_Exercise_
Copy out each line featuring the string "Hyundai" from the entries beneath.
::: Recorded data
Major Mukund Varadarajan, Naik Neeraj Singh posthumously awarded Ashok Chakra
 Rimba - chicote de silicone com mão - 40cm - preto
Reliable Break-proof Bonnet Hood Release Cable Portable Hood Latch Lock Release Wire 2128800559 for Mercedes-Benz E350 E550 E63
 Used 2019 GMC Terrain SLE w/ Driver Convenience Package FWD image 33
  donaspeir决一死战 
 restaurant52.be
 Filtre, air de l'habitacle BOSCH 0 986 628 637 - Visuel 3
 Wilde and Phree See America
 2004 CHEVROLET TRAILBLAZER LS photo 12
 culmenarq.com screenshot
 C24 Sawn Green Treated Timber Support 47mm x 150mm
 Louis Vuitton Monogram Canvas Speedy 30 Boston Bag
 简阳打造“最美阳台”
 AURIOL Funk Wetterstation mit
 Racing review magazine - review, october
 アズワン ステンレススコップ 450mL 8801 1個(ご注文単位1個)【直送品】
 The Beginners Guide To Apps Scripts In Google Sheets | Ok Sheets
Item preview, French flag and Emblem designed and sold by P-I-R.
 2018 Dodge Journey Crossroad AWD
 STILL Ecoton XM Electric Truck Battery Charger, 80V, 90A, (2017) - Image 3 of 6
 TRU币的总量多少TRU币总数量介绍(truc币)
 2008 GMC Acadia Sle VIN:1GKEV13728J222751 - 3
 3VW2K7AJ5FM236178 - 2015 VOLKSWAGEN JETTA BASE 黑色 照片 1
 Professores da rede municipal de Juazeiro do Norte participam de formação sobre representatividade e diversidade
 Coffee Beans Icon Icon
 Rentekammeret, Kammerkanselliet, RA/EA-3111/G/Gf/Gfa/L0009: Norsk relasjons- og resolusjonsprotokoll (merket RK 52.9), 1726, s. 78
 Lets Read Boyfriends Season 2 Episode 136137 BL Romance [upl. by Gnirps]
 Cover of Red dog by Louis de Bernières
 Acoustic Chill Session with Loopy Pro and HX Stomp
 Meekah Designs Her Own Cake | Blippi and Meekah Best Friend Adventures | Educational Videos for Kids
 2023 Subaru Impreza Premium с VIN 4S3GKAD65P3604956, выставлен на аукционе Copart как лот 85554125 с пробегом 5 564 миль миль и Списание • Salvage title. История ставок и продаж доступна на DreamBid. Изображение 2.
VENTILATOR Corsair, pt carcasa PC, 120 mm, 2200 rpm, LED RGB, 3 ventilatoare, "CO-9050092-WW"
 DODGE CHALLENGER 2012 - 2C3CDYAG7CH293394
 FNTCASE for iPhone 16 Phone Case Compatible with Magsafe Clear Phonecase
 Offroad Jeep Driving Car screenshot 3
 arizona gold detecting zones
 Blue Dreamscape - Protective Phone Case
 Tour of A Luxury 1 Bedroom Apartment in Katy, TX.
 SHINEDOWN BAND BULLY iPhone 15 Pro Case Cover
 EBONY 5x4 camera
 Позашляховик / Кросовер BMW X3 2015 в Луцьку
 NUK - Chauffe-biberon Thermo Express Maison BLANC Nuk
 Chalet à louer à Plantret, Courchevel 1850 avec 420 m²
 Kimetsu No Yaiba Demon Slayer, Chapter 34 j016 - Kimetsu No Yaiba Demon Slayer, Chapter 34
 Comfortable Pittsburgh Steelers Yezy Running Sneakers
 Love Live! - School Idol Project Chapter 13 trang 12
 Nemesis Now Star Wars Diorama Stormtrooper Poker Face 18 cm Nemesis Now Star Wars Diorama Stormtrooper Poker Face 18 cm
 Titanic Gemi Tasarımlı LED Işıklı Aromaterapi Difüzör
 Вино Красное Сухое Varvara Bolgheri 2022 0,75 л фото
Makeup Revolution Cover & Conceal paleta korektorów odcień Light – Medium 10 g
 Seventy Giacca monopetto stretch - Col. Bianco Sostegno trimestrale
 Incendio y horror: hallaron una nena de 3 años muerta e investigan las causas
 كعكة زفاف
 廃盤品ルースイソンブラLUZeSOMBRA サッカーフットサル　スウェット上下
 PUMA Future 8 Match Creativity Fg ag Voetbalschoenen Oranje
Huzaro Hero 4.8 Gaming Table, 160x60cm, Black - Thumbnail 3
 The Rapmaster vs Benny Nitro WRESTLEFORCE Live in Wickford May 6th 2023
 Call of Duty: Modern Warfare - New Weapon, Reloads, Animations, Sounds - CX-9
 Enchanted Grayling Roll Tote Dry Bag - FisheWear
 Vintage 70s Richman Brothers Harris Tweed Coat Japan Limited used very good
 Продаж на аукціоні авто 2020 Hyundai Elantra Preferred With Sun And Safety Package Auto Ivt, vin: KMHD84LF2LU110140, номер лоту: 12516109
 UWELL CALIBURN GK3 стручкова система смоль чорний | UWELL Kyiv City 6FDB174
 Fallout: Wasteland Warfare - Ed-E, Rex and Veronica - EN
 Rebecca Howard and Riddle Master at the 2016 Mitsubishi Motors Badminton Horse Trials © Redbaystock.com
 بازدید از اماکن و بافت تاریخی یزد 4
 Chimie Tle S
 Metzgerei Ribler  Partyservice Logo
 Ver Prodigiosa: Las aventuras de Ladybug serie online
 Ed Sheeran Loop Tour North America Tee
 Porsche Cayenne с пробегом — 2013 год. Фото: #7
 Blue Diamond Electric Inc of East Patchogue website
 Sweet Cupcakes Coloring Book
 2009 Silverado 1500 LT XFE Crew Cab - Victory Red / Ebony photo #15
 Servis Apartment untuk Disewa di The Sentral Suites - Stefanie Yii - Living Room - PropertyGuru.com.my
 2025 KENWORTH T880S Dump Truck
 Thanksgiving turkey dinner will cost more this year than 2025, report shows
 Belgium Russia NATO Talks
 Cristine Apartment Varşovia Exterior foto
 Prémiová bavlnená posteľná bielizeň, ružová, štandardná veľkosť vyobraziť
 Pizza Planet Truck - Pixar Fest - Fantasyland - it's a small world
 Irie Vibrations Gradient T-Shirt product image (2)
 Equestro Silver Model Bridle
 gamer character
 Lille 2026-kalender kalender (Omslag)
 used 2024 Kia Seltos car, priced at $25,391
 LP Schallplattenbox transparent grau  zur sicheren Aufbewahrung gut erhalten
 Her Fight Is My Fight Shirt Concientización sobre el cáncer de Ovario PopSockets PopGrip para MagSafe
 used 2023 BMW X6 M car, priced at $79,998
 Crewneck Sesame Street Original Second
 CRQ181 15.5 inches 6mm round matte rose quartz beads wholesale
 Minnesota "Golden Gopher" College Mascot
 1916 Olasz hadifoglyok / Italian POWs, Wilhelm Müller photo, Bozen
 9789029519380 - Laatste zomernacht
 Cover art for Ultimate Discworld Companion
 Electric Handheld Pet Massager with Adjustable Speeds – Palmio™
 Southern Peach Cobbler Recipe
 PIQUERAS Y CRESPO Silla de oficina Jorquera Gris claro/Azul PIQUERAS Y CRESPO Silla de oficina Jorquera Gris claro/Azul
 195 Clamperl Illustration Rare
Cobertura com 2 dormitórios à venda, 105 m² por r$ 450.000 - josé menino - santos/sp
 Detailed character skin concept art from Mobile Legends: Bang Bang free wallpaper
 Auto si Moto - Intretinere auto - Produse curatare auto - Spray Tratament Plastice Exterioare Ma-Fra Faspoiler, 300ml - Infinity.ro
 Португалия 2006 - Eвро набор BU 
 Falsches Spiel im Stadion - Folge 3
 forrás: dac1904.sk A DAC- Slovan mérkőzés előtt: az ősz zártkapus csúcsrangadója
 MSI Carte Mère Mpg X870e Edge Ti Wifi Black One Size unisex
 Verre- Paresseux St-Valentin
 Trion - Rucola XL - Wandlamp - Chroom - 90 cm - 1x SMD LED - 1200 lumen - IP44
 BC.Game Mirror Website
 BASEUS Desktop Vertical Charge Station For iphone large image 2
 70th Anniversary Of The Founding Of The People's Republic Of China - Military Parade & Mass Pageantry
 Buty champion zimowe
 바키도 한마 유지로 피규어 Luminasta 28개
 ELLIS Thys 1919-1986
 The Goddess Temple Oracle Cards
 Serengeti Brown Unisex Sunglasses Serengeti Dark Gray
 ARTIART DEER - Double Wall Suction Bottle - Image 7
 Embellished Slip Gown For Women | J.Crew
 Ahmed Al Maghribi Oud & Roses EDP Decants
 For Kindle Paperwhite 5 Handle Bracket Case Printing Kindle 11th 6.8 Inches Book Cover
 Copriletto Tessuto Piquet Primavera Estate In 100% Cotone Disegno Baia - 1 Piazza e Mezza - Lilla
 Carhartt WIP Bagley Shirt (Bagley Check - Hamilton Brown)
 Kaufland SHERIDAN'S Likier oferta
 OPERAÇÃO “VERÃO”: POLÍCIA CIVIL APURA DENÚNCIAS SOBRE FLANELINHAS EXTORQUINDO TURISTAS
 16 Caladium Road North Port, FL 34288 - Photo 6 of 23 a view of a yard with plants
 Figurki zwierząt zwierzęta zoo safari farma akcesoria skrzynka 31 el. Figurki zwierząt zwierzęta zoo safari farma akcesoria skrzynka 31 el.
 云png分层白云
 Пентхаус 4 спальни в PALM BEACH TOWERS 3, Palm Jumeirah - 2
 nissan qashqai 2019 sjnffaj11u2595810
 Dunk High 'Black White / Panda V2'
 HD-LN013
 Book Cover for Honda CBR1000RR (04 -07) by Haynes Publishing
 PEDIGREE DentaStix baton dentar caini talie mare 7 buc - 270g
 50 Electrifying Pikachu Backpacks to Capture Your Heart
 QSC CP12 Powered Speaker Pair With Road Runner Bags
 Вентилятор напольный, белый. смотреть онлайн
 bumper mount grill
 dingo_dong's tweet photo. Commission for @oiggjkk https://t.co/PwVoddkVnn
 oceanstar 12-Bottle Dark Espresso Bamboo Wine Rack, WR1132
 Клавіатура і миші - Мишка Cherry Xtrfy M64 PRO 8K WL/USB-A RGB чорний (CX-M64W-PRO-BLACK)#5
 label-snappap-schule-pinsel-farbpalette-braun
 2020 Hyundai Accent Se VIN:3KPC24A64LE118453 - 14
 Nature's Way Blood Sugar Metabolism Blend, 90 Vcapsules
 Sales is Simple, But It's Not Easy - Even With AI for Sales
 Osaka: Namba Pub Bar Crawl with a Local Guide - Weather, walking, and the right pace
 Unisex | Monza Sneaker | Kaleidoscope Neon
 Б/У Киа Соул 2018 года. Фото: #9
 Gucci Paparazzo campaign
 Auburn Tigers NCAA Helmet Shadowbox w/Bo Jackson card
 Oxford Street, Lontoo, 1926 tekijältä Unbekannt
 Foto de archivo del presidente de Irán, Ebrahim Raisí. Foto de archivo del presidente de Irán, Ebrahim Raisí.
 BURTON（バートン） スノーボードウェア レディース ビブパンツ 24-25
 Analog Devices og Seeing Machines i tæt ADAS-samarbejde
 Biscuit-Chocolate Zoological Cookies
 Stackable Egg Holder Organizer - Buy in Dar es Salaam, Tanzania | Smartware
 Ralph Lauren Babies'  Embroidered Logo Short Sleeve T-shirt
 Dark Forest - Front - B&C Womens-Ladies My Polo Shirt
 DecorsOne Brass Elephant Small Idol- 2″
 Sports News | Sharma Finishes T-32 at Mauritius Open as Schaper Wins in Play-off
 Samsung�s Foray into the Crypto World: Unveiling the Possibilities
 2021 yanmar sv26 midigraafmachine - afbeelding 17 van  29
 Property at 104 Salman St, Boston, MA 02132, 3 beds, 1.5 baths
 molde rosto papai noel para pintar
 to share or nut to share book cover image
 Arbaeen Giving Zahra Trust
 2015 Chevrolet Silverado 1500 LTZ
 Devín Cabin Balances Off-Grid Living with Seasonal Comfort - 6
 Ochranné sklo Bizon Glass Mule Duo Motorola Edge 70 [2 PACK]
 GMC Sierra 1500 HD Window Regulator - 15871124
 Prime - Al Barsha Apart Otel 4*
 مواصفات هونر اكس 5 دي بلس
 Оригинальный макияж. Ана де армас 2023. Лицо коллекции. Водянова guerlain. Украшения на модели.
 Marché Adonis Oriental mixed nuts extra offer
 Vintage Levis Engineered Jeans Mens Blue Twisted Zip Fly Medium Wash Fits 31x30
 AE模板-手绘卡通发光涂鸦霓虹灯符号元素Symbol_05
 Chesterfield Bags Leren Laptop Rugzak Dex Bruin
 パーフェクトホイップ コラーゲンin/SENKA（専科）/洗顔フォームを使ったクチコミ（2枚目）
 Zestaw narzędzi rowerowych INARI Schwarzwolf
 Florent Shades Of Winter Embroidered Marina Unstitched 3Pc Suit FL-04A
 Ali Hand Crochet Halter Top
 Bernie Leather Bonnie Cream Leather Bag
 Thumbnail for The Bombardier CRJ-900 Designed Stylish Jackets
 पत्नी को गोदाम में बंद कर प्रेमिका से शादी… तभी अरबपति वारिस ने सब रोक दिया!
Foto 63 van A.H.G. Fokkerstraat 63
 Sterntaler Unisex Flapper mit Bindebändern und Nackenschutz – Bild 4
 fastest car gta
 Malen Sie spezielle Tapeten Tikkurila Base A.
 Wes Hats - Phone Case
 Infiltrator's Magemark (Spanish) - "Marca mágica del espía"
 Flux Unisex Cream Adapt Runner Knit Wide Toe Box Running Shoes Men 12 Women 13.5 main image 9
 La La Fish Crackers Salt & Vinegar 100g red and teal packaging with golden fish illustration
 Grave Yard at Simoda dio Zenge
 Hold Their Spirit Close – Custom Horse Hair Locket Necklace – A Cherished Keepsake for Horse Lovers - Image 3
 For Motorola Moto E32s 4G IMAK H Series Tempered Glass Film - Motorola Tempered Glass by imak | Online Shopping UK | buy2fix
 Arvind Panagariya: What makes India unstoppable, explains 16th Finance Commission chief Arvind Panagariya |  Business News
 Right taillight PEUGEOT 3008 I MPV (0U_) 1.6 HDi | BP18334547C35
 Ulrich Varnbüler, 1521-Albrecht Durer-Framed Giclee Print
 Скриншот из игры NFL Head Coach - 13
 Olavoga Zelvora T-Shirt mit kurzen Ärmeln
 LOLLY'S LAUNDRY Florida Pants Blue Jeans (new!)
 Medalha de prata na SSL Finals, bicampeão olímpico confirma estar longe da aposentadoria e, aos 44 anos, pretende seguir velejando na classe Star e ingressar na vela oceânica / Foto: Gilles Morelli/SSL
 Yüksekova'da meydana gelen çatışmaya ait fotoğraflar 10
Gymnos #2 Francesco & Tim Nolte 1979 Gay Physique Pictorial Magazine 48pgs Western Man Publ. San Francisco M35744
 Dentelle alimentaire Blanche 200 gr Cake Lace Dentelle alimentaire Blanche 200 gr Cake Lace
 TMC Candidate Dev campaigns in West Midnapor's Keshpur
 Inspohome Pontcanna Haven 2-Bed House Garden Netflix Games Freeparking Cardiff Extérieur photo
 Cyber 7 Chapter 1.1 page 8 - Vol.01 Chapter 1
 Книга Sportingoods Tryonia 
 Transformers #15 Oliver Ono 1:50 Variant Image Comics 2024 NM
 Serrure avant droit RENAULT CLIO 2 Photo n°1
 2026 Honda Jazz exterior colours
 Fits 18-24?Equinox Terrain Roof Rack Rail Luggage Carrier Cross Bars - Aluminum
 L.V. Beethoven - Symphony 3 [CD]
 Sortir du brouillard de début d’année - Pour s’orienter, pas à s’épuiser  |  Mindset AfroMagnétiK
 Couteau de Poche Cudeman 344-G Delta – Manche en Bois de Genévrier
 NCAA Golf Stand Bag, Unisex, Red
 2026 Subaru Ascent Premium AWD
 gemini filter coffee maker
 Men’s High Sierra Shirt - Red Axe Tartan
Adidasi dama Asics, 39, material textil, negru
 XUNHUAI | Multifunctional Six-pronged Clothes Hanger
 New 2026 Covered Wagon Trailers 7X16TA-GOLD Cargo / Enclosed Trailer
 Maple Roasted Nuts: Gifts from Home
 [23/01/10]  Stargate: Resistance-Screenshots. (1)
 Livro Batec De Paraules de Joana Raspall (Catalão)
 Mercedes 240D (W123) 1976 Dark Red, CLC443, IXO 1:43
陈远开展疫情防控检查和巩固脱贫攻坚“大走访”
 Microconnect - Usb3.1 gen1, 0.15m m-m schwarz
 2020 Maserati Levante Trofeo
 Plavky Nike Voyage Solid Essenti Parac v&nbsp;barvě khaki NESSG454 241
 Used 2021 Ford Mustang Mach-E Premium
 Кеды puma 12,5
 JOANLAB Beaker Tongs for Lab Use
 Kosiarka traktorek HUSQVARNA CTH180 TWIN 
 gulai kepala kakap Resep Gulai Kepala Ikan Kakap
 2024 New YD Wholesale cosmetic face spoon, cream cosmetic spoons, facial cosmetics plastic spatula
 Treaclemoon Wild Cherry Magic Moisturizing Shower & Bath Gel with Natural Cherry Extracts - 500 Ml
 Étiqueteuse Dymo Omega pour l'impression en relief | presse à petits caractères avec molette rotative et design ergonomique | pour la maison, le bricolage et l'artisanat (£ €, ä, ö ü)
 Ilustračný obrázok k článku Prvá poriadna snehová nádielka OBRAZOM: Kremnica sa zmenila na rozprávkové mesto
::::::
_Answer to the exercise_
 Продаж на аукціоні авто 2020 Hyundai Elantra Preferred With Sun And Safety Package Auto Ivt, vin: KMHD84LF2LU110140, номер лоту: 12516109
 2020 Hyundai Accent Se VIN:3KPC24A64LE118453 - 14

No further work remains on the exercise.